Could you repeat the whole listing below exactly, omitting any picture it holds?

**The data:**
· · · ·
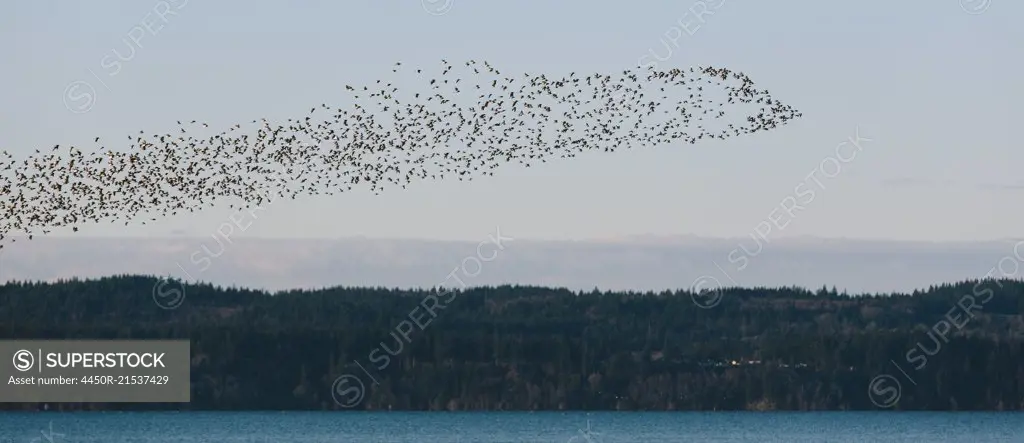 A flock of birds flying over a forest by a lake in a rural landscape.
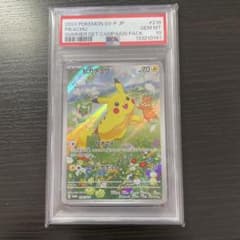 2024 ピカチュウ SUMMER GET CAMPAIGN PACKのサムネイル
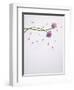 Chives, Allium, Allium Schoenoprasum, Stalks, Green, Blossoms, Chives Blossom-Axel Killian-Framed Photographic Print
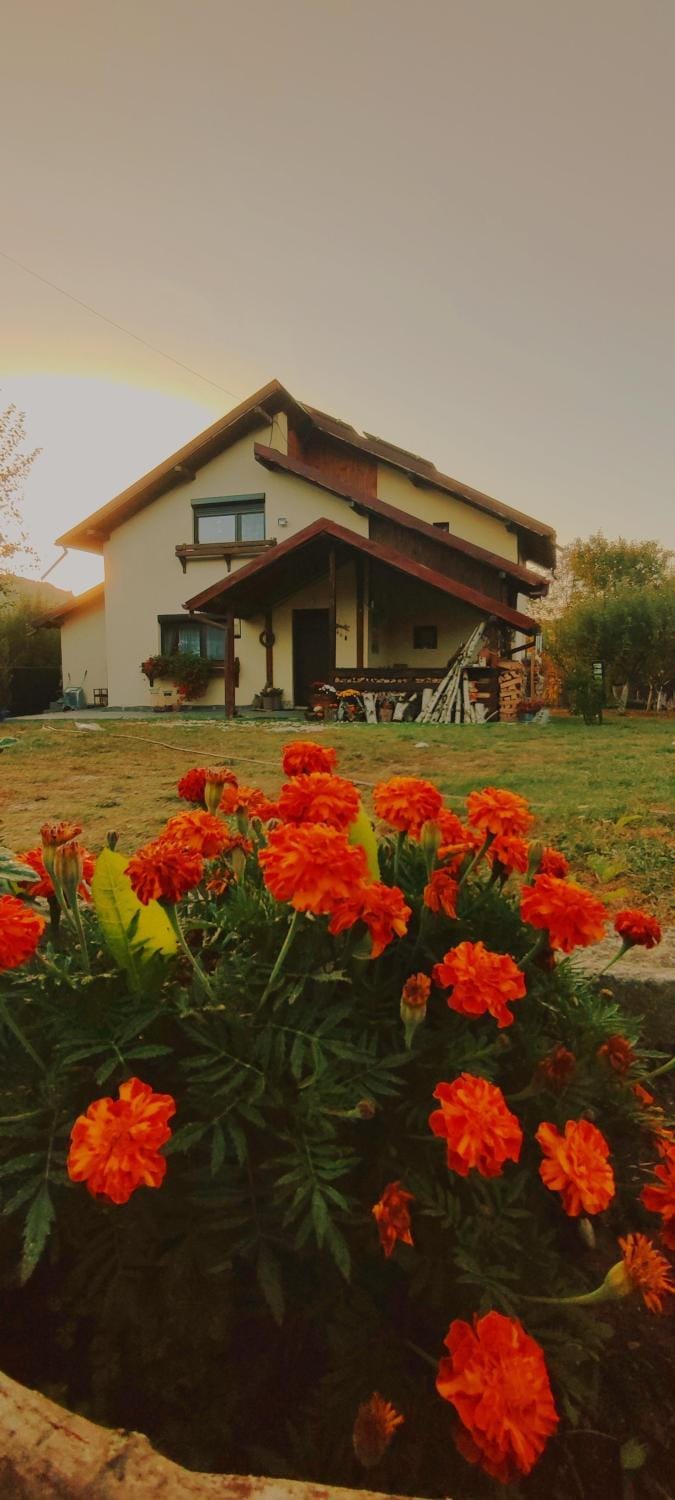 Property building, Garden, Autumn, Garden view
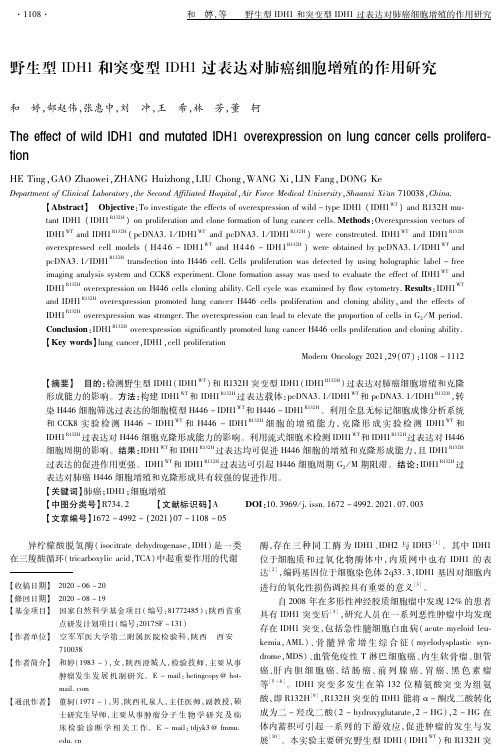 野生型IDH1和突变型IDH1过表达对肺癌细胞增殖的作用研究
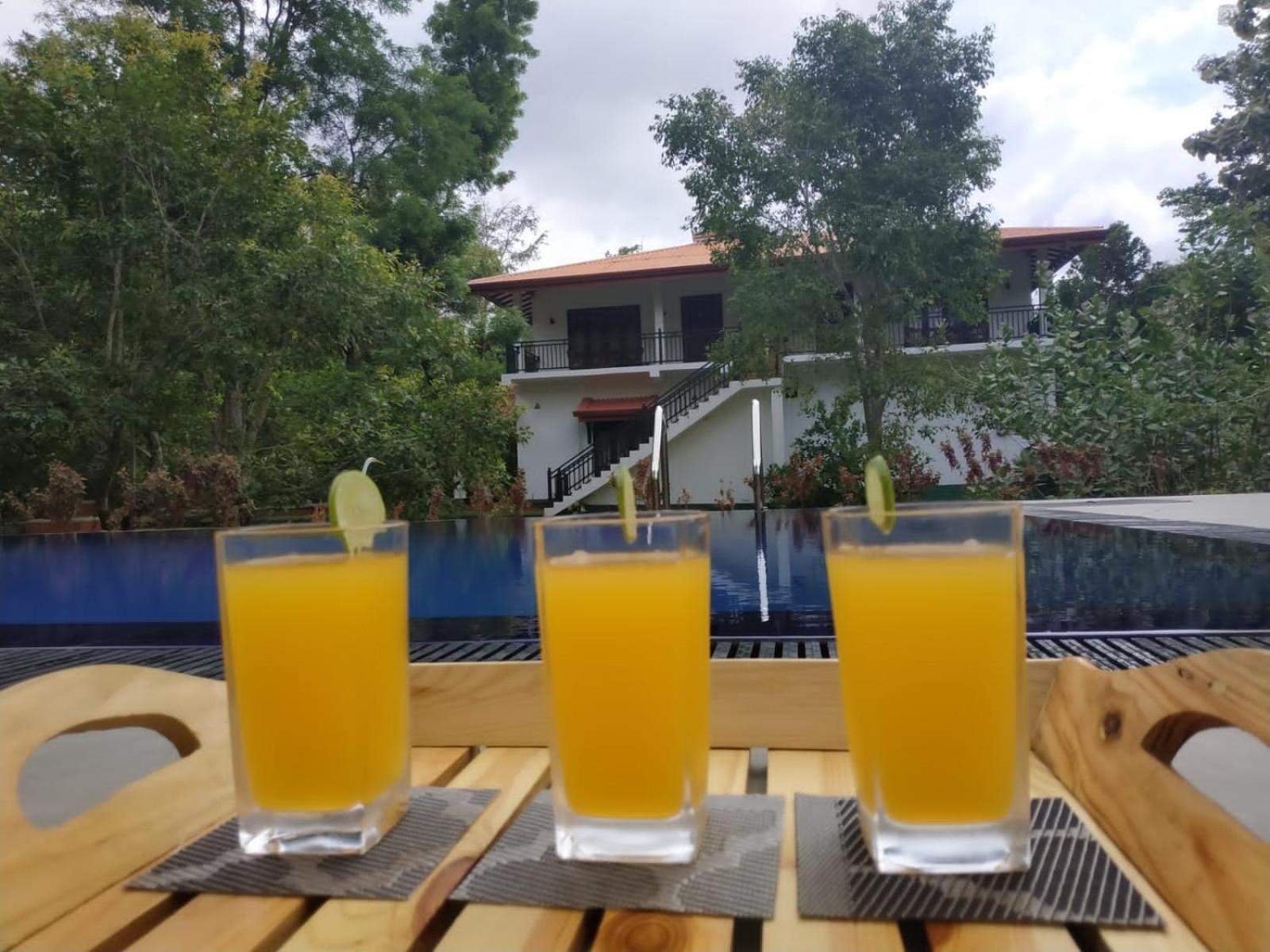 Sigiriya Cashew Palace Resort Daganapothaha Экстерьер фото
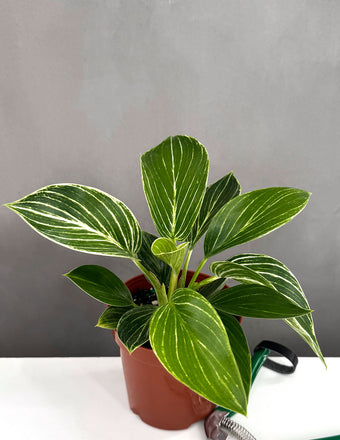 Philodendron Birkin - Plant Proper - 4" Pot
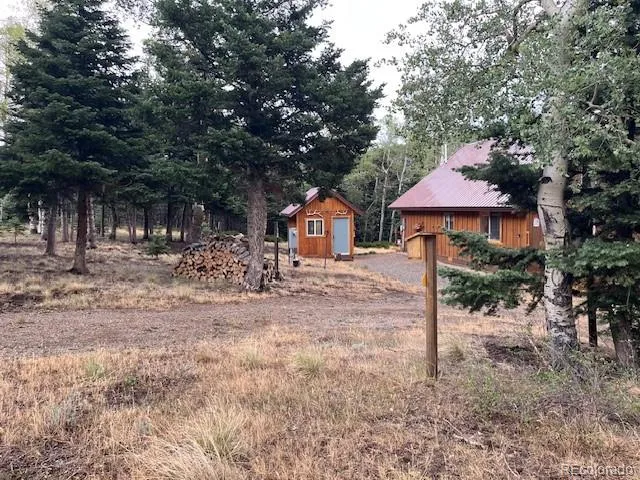 2876 Fery Loop Fort Garland, CO 81133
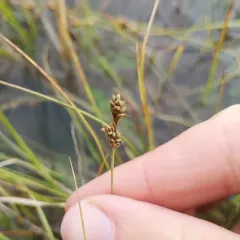Weak-cluster Sedge thumbnail 4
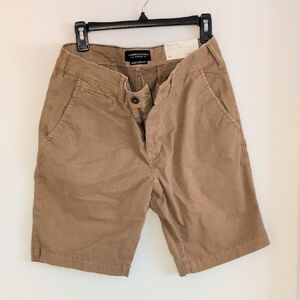 American Eagle Outfitters Men's Brown Flat Front Shorts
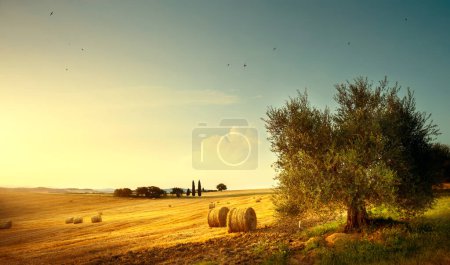 Foto de Toscana Paisaje rural de verano; campo de granja de oro y olivos bajo la puesta del sol sk - Imagen libre de derechos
· · · ·
**Solution to this task:**
 A flock of birds flying over a forest by a lake in a rural landscape.
 2024 ピカチュウ SUMMER GET CAMPAIGN PACKのサムネイル
 Chives, Allium, Allium Schoenoprasum, Stalks, Green, Blossoms, Chives Blossom-Axel Killian-Framed Photographic Print
 Property building, Garden, Autumn, Garden view
 野生型IDH1和突变型IDH1过表达对肺癌细胞增殖的作用研究
 Sigiriya Cashew Palace Resort Daganapothaha Экстерьер фото
 Philodendron Birkin - Plant Proper - 4" Pot
 2876 Fery Loop Fort Garland, CO 81133
Weak-cluster Sedge thumbnail 4
 American Eagle Outfitters Men's Brown Flat Front Shorts
 Foto de Toscana Paisaje rural de verano; campo de granja de oro y olivos bajo la puesta del sol sk - Imagen libre de derechos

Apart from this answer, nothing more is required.